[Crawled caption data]
════════════════════
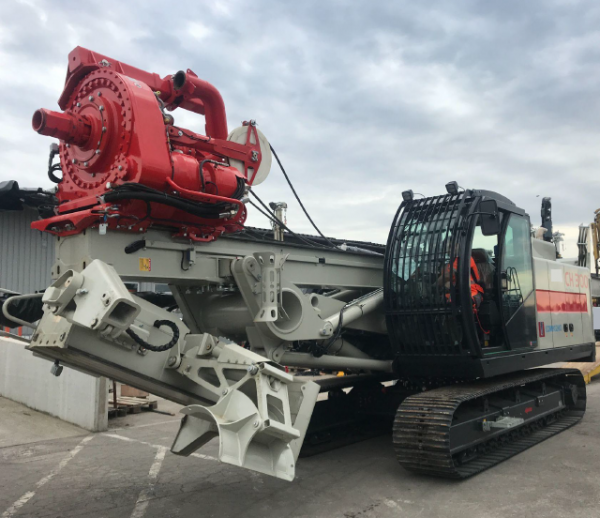 Comacchio CH 300 Rotary/CFA Piling Rig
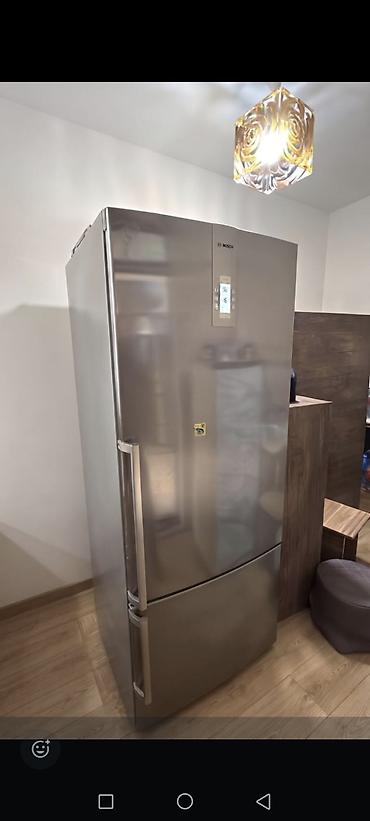 mana blok: Bosch nofrost soyuducu 580 manat.Olcu H 185/E 70/D 68.Çatdirilma — 2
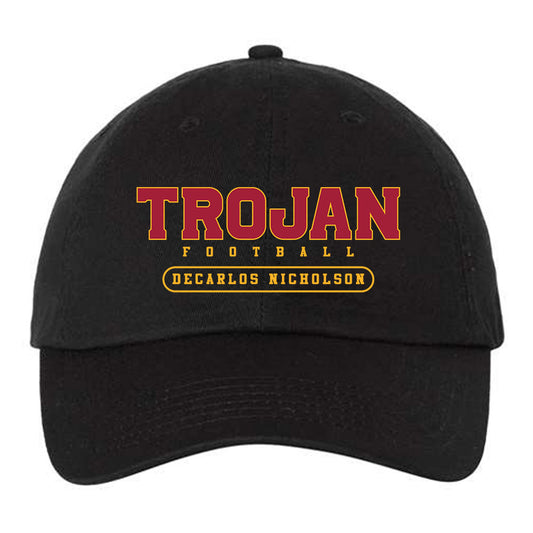 USC - NCAA Football : DeCarlos Nicholson - Dad Hat-0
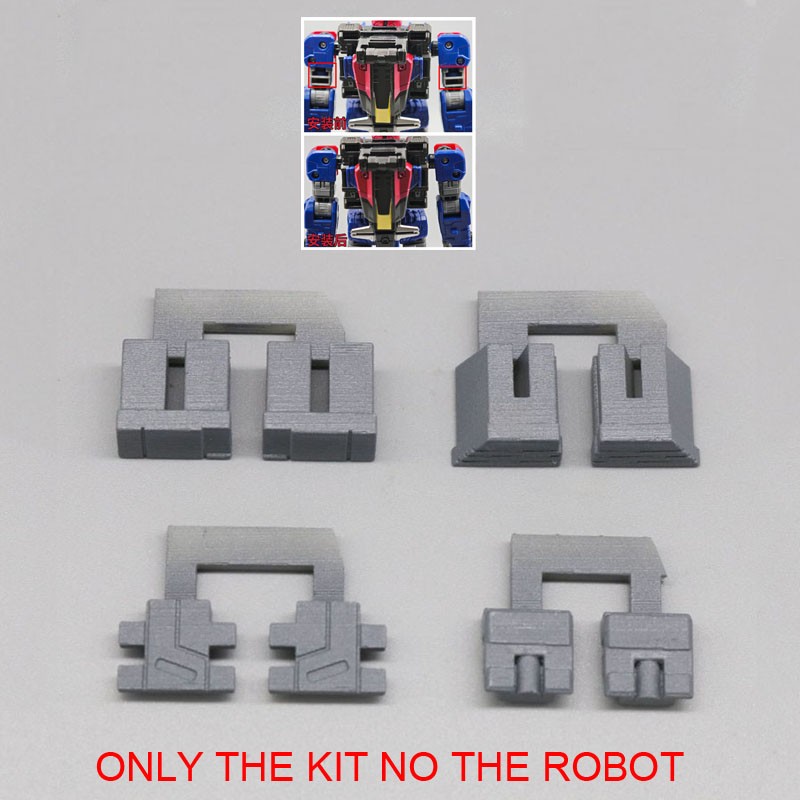 3D Printed Filler Filling Parts Upgrade Kit For AGE OF THE PRIMES NEXUS PRIME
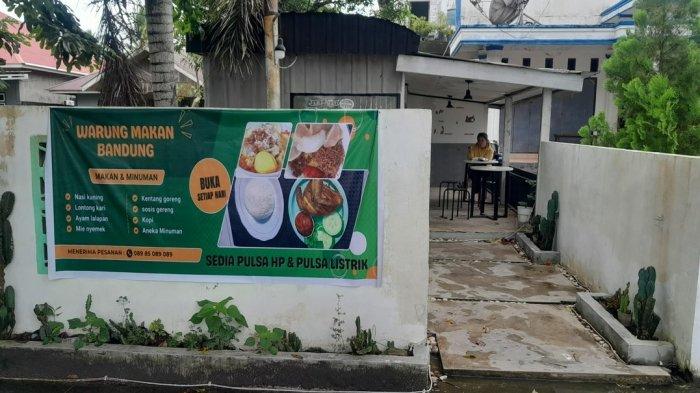 KULINER: Warung makan bandung di Halmahera Timur, Maluku Utara, Kamis (19/6/2025)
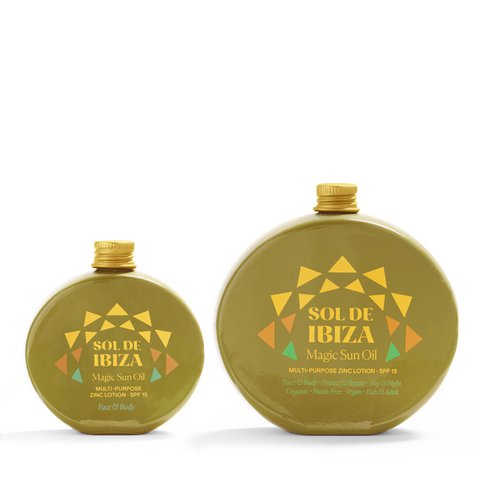 Magic Sun Oil SPF15 Face&Body 100ML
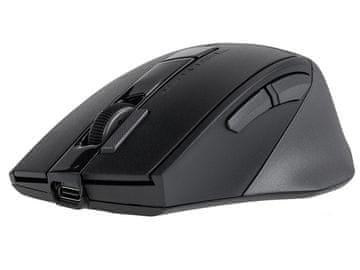 A4Tech Miška FSTYLER FB45 CS AIR2 RF (2.4G+BT) Stone Grey (Silent)
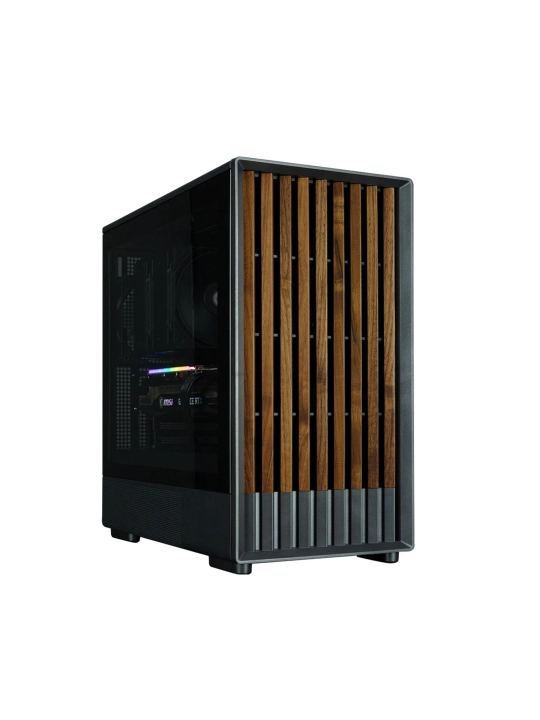Компьютерный корпус Zalman P10 Namu, Mini-Tower, 3 вентилятора в комплекте, с кронштейном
════════════════════
• _Problem to solve_
Write out every line of the entries above exactly, and omit their pictures.

• _Solved exercise_
 Comacchio CH 300 Rotary/CFA Piling Rig
 mana blok: Bosch nofrost soyuducu 580 manat.Olcu H 185/E 70/D 68.Çatdirilma — 2
 USC - NCAA Football : DeCarlos Nicholson - Dad Hat-0
 3D Printed Filler Filling Parts Upgrade Kit For AGE OF THE PRIMES NEXUS PRIME
 KULINER: Warung makan bandung di Halmahera Timur, Maluku Utara, Kamis (19/6/2025)
 Magic Sun Oil SPF15 Face&Body 100ML
 A4Tech Miška FSTYLER FB45 CS AIR2 RF (2.4G+BT) Stone Grey (Silent)
Компьютерный корпус Zalman P10 Namu, Mini-Tower, 3 вентилятора в комплекте, с кронштейном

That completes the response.